▶ [GIVEN DATA]
○ ○ ○ ○ ○ ○ ○

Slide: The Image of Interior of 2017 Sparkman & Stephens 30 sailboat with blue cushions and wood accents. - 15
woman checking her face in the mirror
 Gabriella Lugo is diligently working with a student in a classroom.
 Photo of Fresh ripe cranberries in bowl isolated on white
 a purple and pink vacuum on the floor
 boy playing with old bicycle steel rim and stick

○ ○ ○ ○ ○ ○ ○

Retype the records above exactly.

▶ [ANSWER SECTION]
Slide: The Image of Interior of 2017 Sparkman & Stephens 30 sailboat with blue cushions and wood accents. - 15
woman checking her face in the mirror
 Gabriella Lugo is diligently working with a student in a classroom.
 Photo of Fresh ripe cranberries in bowl isolated on white
 a purple and pink vacuum on the floor
 boy playing with old bicycle steel rim and stick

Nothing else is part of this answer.